Search code examples
prefect

Prefect docker agent failing to update flow status after execution


Summary

I am trying to understand Prefect docker agents. To do so, I am trying to configure a minimal set up on my local machine. I have managed to get the docker agent to connect to the local server and it looks like it's running the flow. However, it seems that, after the flow is finished, the agent is unable to update the flow's state at the server because it cannot connect to the server back end.

Detail

Here is my flow:

import prefect
from prefect import task, Flow
from prefect.run_configs import DockerRun

@task
def say_hello():
    logger = prefect.context.get("logger")
    logger.info("Hello, docker!")

with Flow("docker-hello-flow") as flow:
    flow.run_config = DockerRun()
    say_hello()

# Register the flow under the "tutorial" project
flow.register(project_name="tutorial")

I configure back end to use a local core server:

prefect backend server

I then start the server:

prefect server start -d

I connect to the server UI on localhost:8080 and confirm that it's running.
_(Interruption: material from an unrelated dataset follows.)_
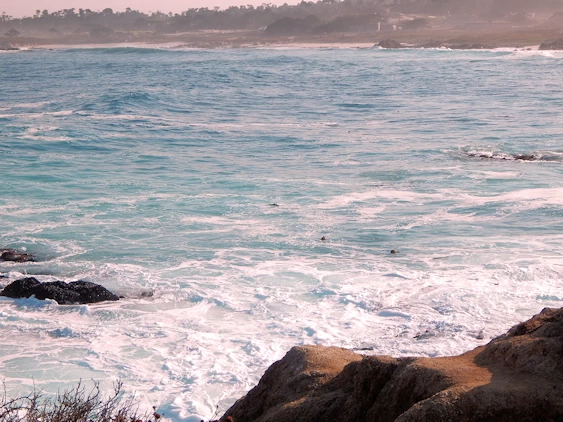 17 Mile Drive Coastline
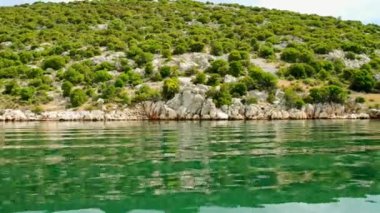 Tepelik ve büyümüş çalılar Novigrad kıyı deniz Zadar bölgesi, Hırvatistan.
In the UI, I create the project tutorial.

I then register the flow:

:; python src/hello_docker.py 
Flow URL: http://localhost:8080/default/flow/fea8211e-c243-40c8-a01e-f63ab2afcc77
 └── ID: 0a7a6cc4-1e7b-4e71-a900-90dffb4362a9
 └── Project: tutorial
 └── Labels: ['parami']

I then confirm that the flow appears in the UI as expected. Note that my machine name is parami hence the label parami.

I then start a local docker agent specifying the label parami.

:; prefect agent docker start -l parami --log-level DEBUG --show-flow-logs

I then run the flow via the UI. The flow run is called enigmatic-axolotl.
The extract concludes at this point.